With President Trump, things got more complicated. Here was a Republican who ran against the status quo instituted by Reagan and overseen with a minimum of adjustment by Republican and Democratic administrations alike over the past four decades. The implication of Trump's campaign for president was that the populist rhetoric of standard-issue post-Reagan Republicans was a crock. But Trump promised he would be the real deal, transforming the GOP into a true workers' party and fighting for the interests of ordinary Americans, even over the objections of the fat cats on Wall Street and in Washington.
But over the past year — and especially since house populist Stephen Bannon left the Trump administration last August — such rhetoric has begun to sound even more hollow than normal, as the president has signed off on a standard-issue Republican agenda of tax and regulatory cuts that benefit big business. Working-class Republican voters cast ballots for populism but got plutocracy instead.
Of course, Republicans would argue that this is a tendentious way of describing the party's priorities. Yes, they would say, their policies benefit employers. But conferring such benefits on businesses is the surest way to encourage economic growth, job creation, and higher wages for workers.
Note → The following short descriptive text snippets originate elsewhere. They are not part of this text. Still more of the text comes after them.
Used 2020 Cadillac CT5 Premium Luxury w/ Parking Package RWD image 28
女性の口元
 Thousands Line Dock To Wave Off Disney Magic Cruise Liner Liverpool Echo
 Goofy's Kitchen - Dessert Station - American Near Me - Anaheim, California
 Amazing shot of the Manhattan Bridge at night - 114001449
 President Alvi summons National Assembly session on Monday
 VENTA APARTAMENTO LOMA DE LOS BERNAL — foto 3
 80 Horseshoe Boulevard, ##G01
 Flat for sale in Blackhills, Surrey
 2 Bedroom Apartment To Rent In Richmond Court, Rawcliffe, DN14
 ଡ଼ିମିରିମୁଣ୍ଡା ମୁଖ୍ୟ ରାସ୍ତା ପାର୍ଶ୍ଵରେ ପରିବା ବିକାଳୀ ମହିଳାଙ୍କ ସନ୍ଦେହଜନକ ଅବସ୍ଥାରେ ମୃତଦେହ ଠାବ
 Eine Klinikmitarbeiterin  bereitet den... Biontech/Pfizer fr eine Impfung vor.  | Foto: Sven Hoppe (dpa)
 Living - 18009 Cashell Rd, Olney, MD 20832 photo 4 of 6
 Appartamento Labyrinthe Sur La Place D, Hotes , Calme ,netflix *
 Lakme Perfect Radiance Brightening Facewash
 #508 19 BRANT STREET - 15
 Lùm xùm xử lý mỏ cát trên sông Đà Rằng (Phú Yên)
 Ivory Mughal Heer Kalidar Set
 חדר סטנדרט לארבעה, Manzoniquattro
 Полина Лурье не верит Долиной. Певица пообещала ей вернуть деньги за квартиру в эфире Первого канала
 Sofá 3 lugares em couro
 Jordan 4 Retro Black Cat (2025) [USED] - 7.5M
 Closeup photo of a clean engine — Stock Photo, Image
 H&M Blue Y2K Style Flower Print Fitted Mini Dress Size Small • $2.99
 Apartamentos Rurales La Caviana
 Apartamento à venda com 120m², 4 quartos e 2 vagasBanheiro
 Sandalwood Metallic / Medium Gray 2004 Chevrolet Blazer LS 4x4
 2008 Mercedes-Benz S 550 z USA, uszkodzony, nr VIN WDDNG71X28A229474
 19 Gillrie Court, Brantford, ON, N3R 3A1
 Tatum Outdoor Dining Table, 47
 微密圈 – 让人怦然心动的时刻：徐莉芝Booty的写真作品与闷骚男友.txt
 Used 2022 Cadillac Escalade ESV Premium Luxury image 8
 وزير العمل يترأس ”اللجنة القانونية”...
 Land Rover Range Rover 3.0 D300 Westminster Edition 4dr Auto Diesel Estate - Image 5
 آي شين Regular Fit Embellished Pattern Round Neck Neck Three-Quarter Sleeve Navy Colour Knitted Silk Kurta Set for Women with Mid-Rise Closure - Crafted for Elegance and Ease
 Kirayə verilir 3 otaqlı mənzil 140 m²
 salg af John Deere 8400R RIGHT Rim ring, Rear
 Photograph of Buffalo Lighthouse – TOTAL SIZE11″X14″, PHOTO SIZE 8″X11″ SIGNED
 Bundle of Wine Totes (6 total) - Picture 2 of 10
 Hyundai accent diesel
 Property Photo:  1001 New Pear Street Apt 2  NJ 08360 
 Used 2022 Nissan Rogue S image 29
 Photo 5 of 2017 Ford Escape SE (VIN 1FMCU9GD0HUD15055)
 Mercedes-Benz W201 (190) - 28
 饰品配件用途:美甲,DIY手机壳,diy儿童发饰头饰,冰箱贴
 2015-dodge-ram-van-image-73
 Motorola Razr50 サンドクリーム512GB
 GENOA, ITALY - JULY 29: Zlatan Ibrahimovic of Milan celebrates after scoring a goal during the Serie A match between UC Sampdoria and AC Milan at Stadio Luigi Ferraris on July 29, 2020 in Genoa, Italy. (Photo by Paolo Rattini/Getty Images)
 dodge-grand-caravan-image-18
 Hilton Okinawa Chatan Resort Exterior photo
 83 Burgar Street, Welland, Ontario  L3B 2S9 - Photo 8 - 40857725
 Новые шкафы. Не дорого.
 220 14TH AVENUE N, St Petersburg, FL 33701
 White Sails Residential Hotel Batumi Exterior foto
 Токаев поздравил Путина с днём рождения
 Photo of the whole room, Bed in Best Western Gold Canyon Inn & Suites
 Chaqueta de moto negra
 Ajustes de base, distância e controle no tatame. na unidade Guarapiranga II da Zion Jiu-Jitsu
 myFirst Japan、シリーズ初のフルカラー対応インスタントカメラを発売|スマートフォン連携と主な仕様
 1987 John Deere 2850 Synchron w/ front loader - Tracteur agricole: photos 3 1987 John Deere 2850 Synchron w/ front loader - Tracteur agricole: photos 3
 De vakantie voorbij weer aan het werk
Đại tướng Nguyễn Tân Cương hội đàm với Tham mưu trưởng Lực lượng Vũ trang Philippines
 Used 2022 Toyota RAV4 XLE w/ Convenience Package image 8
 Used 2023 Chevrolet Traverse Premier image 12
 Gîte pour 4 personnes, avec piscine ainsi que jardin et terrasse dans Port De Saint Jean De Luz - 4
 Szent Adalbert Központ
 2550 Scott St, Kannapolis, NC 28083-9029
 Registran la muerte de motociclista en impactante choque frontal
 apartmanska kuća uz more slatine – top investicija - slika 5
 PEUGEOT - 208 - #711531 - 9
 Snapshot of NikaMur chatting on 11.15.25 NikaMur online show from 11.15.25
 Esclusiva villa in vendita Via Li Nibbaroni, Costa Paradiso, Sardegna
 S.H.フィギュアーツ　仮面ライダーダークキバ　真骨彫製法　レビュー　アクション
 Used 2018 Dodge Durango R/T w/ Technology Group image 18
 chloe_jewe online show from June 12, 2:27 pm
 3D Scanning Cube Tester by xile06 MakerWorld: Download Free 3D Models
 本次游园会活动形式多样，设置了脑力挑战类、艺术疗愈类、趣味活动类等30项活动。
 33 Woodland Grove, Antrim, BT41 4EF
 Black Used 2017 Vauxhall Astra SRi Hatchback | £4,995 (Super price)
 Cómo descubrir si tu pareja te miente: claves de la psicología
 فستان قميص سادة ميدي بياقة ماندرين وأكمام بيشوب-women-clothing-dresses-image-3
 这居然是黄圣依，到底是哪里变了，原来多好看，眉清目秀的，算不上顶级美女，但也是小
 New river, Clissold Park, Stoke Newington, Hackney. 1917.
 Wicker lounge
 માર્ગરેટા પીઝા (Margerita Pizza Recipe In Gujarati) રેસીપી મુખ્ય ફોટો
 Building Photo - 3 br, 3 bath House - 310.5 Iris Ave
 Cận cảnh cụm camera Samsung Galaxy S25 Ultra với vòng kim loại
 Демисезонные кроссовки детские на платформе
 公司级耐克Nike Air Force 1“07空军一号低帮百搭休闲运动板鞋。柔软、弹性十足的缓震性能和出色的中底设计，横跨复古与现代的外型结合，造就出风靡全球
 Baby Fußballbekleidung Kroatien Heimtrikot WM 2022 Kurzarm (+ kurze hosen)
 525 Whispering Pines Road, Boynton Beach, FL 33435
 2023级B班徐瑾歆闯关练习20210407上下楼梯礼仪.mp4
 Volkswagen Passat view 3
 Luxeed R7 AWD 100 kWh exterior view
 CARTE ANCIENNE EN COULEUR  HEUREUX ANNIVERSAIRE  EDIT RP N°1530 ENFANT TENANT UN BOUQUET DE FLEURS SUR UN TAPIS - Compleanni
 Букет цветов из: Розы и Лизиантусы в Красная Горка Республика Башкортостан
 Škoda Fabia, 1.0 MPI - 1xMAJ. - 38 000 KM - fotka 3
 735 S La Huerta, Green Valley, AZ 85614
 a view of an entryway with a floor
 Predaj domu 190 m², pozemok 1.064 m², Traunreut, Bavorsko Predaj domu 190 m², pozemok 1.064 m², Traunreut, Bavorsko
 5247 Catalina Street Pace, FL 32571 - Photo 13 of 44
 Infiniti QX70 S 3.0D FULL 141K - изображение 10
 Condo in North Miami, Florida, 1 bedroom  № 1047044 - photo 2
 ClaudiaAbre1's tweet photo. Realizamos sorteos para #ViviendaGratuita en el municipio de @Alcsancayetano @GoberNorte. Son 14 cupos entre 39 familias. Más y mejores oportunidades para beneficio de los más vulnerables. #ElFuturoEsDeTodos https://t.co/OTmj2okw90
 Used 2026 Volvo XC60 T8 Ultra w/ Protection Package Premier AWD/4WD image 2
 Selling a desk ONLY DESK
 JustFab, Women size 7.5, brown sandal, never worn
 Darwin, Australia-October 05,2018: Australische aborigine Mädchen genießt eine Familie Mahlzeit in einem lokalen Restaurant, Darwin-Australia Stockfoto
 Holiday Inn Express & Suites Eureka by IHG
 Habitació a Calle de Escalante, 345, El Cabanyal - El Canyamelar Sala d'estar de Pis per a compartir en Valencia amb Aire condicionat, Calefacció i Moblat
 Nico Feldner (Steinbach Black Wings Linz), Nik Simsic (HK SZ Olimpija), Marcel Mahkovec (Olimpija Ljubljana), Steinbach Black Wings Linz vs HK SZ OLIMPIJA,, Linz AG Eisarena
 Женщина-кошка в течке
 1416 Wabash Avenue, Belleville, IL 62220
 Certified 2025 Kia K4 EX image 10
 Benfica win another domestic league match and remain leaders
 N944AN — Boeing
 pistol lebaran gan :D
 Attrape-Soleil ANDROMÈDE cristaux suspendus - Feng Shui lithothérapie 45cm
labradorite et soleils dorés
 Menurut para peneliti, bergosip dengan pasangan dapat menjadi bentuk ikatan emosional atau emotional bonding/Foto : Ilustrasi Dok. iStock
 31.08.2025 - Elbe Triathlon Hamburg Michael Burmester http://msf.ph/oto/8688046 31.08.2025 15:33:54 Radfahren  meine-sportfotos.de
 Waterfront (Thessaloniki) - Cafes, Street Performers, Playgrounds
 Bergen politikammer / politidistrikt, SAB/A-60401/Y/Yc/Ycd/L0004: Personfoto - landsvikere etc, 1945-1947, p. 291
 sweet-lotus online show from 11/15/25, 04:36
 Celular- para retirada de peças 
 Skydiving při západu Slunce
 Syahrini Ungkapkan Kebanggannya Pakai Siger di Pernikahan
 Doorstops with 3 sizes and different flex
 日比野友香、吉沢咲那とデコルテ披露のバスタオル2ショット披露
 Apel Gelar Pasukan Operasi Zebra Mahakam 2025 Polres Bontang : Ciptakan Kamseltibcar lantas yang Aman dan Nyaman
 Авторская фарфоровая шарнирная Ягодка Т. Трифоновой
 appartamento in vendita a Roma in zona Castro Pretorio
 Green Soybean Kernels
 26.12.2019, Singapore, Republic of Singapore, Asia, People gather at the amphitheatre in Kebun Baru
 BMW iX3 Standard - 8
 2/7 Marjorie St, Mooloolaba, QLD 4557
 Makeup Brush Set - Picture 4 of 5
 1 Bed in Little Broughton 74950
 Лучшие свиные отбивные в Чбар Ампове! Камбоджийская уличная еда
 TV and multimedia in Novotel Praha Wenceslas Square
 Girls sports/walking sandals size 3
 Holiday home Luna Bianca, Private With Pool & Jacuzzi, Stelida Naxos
A rising tide lifts all boats.
It's true that in the weeks since the Republican tax plan became law, this is exactly what has appeared to be happening. Tens of millions of American workers have seen an increase in their take-home pay, and many have also reaped the additional benefit of a one-time bonus check, which several large corporations have given out to employees while making a point of crediting the corporate tax cut for having made it possible.
This makes it difficult for the left to press its case politically against the pro-business agenda of the GOP. After all, if drastically slashing taxes for big business has clearly led directly to a windfall for workers, then the Republican story of everyone benefiting from policies that further enrich the wealthy sounds, well, plausible.
That's why the changes proposed by the Trump Labor Department are so significant. They show the populist mask of the Republican Party slipping to reveal the plutocratic face so effectively concealed behind it.
The wait staff at most restaurants earn very little money by way of traditional salary. That helps to keep overhead down in the restaurant industry, which notoriously operates on very slim margins. In compensation, waiters and waitresses have traditionally been permitted to supplement their income with tip money. They've come to depend on the extra income — which typically represents the huge bulk of their take-home pay — just as patrons have come to view a tip given to a server as an expression of personal appreciation for a job well done.
The restaurant industry, which has pushed hard for the rule-change, would have us believe that restaurant owners will use the confiscated and pooled tips of the wait staff to reward other low-paid behind-the-scenes employees, like bus boys and kitchen staff, for their hard work. But the proposal being debated by the Labor Department does nothing to require such disbursement; restaurant owners would be perfectly within their rights to confiscate the tips and keep the money for themselves.
The consequence will be a marginal increase in the income for restaurant owners — and a substantial drop in the already meager income earned by restaurant workers. Will some restaurants teetering on the verge of bankruptcy be saved by the change? Maybe. But it will also result in vastly more waiters and waitresses being pushed closer to or below the poverty line.
Why would the Trump administration so badly screw one group of citizens just to provide a modest windfall to another?
Because in 2018, that's what it means to be a Republican.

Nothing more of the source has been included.